● Work instructions
Write out, unaltered, each line from the top of the records below down to the line where "2 Pack 2.75" appears, that line included.

● Records supplied
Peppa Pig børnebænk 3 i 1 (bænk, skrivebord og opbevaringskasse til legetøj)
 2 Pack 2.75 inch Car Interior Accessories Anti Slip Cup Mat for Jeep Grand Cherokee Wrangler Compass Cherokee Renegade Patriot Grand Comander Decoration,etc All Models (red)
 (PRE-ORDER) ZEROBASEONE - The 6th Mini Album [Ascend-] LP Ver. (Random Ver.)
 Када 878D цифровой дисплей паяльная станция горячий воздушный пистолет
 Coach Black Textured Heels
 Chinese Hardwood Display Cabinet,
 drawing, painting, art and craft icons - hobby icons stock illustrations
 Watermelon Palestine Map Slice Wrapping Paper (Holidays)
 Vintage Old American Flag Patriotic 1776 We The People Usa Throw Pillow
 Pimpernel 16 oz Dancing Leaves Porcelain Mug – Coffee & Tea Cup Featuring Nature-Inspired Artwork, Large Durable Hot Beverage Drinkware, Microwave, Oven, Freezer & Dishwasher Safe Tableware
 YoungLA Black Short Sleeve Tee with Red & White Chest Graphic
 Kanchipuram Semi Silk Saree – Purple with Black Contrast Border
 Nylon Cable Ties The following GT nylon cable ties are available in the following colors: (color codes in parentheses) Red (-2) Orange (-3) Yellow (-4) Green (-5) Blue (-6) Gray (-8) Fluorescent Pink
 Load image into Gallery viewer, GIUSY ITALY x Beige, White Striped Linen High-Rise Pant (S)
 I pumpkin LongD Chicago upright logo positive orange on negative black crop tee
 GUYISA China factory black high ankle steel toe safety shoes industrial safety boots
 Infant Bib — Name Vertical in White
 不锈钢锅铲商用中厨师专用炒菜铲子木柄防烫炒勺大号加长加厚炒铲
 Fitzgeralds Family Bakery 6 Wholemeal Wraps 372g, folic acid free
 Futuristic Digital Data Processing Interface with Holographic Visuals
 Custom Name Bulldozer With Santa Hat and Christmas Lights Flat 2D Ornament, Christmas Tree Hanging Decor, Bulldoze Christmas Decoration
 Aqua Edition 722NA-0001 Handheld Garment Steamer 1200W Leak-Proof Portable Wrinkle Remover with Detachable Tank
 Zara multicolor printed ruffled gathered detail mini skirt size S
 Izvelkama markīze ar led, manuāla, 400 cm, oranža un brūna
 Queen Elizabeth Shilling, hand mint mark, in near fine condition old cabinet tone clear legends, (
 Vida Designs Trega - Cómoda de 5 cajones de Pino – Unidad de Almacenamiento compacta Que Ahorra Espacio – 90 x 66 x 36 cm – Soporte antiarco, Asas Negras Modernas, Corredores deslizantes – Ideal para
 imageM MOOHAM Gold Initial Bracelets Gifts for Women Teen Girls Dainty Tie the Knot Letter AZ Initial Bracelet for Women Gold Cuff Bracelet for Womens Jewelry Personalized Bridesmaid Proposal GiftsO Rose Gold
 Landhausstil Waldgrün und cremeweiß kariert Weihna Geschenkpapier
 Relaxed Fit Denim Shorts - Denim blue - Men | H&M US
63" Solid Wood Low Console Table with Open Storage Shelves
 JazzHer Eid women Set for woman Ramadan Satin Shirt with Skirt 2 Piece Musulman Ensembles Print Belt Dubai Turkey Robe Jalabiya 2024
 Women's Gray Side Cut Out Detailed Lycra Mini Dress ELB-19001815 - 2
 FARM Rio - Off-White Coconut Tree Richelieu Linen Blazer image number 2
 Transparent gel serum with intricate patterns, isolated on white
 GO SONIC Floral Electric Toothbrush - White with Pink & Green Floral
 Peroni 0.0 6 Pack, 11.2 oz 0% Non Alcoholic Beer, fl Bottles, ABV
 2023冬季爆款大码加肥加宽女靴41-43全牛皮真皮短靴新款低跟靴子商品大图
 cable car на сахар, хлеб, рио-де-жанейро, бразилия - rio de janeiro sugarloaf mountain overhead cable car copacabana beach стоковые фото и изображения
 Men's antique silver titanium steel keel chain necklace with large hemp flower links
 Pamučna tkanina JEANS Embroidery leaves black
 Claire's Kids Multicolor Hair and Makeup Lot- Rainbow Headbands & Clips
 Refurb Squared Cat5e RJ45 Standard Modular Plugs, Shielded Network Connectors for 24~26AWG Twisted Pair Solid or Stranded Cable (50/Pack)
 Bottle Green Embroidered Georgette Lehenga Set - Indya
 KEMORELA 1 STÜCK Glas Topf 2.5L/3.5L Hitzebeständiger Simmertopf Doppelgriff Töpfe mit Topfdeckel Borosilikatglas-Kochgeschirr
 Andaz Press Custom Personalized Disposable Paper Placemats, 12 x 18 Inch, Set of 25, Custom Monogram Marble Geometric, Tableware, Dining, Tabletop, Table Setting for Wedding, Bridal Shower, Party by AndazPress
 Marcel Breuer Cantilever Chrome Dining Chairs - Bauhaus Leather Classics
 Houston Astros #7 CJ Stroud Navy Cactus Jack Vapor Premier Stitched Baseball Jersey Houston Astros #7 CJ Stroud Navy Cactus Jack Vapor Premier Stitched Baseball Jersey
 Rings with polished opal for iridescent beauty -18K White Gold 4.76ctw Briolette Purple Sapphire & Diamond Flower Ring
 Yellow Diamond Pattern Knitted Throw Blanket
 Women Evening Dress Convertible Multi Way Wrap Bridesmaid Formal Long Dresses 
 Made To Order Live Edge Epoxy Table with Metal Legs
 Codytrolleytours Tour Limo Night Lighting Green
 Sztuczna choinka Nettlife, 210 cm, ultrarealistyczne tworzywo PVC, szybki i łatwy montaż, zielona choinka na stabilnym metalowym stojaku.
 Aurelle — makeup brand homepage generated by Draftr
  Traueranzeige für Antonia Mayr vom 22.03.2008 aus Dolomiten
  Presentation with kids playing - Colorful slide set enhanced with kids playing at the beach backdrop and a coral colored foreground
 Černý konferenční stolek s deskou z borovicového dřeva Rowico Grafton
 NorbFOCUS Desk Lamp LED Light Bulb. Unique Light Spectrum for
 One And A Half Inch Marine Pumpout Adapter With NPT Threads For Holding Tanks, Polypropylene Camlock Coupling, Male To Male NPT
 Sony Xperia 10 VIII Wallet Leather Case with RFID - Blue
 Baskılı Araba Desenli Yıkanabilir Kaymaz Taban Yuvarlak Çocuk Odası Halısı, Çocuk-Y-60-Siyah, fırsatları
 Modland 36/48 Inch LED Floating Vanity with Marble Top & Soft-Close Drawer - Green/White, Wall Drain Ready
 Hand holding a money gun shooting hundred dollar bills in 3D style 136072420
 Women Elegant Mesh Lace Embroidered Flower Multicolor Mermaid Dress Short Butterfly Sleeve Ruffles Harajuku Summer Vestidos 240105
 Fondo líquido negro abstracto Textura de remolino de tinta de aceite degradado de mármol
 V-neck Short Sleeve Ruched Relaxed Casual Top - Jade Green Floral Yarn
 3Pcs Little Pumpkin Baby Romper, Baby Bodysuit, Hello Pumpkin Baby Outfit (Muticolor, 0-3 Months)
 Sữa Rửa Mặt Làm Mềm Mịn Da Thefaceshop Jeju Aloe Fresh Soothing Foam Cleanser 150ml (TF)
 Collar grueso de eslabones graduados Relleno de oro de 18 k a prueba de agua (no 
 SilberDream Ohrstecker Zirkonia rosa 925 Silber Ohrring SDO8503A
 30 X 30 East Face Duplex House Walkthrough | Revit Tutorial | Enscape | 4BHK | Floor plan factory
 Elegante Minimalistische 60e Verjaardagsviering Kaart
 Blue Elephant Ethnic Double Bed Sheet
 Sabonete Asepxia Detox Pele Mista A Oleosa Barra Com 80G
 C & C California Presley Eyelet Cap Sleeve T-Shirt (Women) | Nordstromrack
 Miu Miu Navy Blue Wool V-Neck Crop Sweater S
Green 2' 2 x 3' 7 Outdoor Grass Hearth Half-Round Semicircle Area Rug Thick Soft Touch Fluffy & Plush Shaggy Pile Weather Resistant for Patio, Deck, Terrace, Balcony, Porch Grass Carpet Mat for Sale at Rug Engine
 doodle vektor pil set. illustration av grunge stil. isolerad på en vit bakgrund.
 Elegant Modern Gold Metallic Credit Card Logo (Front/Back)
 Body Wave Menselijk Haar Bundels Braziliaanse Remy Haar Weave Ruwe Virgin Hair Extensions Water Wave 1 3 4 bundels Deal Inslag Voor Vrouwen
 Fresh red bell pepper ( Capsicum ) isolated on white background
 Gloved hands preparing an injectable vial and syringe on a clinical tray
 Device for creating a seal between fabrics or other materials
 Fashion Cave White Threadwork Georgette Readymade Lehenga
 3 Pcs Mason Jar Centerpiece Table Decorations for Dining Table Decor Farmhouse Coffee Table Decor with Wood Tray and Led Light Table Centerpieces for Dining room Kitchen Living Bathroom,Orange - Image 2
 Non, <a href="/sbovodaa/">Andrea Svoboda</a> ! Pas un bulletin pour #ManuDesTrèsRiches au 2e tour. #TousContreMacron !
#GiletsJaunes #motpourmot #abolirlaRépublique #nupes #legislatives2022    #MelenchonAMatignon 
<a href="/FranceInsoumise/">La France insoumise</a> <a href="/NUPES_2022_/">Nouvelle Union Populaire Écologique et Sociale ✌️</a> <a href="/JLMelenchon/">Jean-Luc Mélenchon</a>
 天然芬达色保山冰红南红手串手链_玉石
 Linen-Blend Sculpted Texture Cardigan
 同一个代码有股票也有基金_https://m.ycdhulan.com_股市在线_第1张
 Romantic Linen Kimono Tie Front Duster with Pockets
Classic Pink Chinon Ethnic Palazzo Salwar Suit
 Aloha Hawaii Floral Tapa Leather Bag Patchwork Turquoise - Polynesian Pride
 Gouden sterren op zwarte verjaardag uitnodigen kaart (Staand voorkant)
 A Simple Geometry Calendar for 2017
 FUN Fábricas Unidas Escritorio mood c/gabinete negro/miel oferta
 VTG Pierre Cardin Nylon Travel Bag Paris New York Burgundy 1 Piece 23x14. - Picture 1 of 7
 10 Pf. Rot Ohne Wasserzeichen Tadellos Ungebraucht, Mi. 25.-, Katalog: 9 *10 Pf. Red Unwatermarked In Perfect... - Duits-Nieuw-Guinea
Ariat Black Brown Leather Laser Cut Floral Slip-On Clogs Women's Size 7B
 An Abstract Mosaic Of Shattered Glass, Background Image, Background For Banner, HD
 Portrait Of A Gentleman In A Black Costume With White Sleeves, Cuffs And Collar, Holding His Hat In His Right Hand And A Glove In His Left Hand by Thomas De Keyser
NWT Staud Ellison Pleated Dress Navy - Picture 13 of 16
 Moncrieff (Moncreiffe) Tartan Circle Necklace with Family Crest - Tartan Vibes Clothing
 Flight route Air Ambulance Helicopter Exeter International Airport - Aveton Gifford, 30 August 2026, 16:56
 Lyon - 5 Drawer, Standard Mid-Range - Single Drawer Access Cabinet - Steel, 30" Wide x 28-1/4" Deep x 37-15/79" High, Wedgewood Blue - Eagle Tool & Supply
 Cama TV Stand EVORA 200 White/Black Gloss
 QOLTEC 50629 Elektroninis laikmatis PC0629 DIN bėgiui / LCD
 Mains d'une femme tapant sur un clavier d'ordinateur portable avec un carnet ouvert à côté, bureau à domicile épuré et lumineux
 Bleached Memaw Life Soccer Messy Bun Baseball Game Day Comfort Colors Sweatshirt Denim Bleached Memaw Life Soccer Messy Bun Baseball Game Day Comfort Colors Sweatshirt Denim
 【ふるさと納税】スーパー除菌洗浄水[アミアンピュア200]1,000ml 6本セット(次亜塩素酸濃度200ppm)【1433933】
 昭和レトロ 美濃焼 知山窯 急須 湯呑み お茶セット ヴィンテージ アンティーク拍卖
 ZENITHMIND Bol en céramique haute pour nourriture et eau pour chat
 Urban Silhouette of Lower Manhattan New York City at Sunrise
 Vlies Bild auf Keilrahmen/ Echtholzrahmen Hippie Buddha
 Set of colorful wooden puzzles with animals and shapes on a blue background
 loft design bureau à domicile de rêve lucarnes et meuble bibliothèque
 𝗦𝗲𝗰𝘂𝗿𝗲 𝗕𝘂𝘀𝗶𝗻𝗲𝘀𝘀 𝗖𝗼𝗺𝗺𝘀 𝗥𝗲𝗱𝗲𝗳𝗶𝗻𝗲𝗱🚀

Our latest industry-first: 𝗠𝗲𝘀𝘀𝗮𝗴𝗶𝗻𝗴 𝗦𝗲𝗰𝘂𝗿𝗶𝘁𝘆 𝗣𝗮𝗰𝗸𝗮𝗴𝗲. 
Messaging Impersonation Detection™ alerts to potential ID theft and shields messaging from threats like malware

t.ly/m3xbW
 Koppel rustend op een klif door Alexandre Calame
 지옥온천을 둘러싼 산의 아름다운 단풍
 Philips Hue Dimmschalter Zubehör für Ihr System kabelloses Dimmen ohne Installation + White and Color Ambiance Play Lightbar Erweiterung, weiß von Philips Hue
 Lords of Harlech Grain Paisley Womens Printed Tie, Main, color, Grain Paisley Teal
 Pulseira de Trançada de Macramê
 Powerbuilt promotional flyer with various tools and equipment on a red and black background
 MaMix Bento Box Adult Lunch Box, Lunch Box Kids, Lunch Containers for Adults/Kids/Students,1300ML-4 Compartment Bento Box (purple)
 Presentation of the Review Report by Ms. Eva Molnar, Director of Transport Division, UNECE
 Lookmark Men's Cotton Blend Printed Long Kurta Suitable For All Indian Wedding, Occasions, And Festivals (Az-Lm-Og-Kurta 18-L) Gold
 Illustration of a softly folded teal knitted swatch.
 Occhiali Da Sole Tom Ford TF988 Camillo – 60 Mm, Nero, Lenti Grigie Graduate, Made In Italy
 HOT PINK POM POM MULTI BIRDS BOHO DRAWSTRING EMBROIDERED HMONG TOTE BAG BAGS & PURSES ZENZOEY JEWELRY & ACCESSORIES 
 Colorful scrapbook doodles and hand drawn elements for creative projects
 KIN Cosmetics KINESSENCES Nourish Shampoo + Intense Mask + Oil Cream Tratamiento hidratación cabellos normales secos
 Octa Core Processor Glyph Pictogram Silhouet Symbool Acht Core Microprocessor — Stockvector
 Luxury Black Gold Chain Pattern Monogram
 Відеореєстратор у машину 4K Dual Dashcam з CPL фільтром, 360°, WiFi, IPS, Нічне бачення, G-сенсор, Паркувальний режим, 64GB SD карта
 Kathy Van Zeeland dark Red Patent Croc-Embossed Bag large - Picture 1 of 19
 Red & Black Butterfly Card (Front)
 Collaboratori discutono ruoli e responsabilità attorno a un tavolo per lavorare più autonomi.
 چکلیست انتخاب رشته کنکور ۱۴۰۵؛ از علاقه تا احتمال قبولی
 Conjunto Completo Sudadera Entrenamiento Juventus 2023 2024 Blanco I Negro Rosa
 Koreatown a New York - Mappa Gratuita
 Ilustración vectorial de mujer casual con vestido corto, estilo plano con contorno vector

● Your response
Peppa Pig børnebænk 3 i 1 (bænk, skrivebord og opbevaringskasse til legetøj)
 2 Pack 2.75 inch Car Interior Accessories Anti Slip Cup Mat for Jeep Grand Cherokee Wrangler Compass Cherokee Renegade Patriot Grand Comander Decoration,etc All Models (red)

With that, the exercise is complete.